**Exercise description:**
Output exactly, and only, the lines below from the one with "Vibrant Sunflower Flowers" down to the one with "Neon Speedscape Stretched". Include both end lines and no pictures.

*** Records shown ***

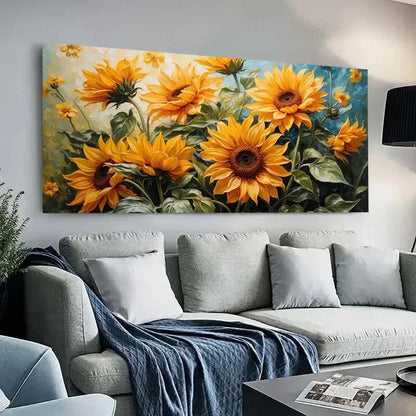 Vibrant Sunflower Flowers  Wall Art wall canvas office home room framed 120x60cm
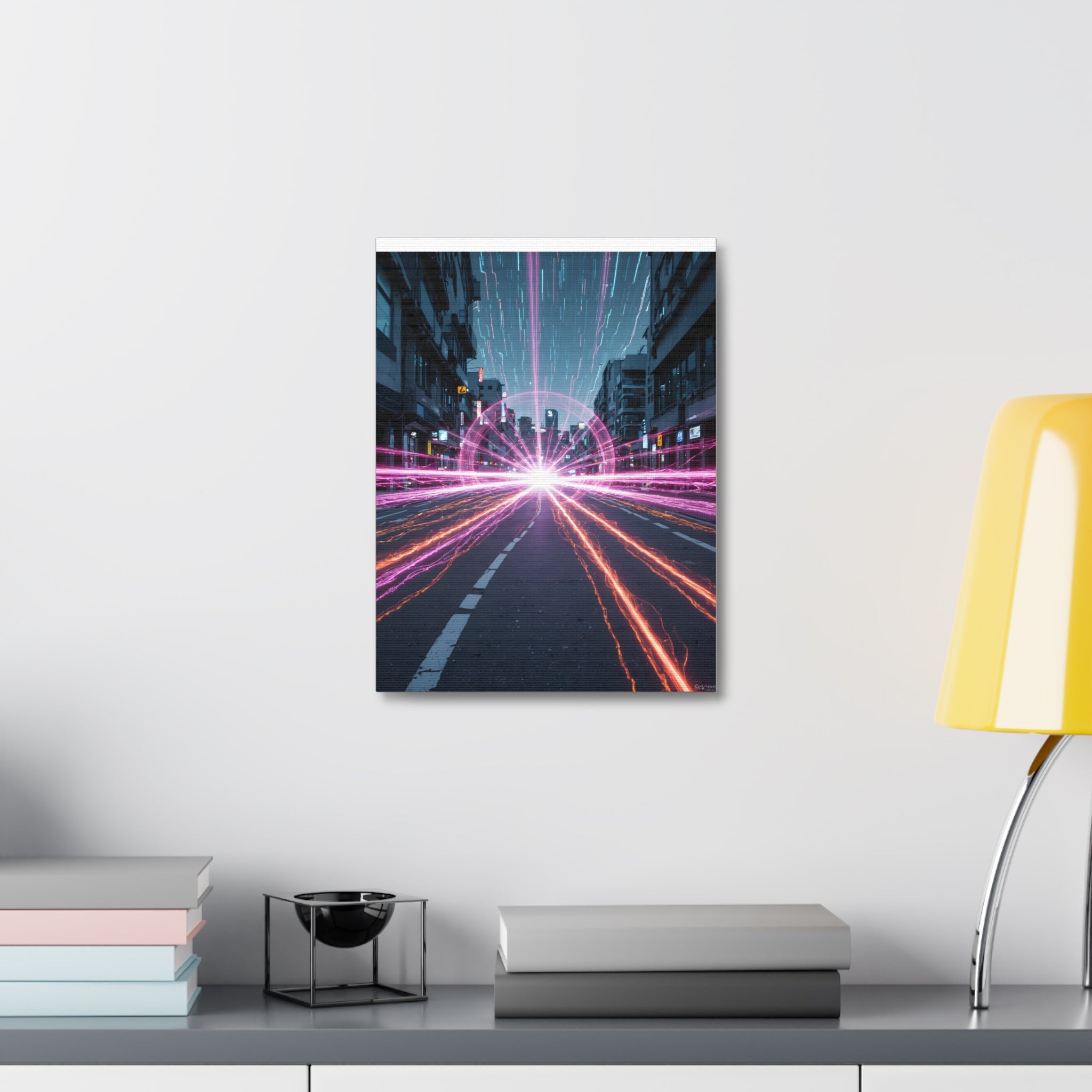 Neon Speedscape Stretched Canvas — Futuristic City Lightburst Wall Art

*** End of Records shown ***
*** Records shown ***

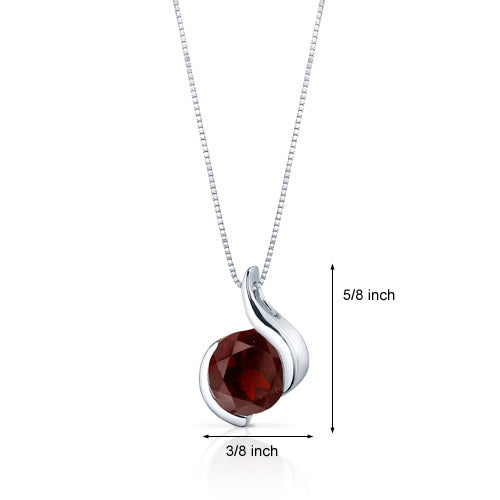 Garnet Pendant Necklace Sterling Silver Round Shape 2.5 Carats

*** End of Records shown ***

**Exercise answer:**
 Vibrant Sunflower Flowers  Wall Art wall canvas office home room framed 120x60cm
 Neon Speedscape Stretched Canvas — Futuristic City Lightburst Wall Art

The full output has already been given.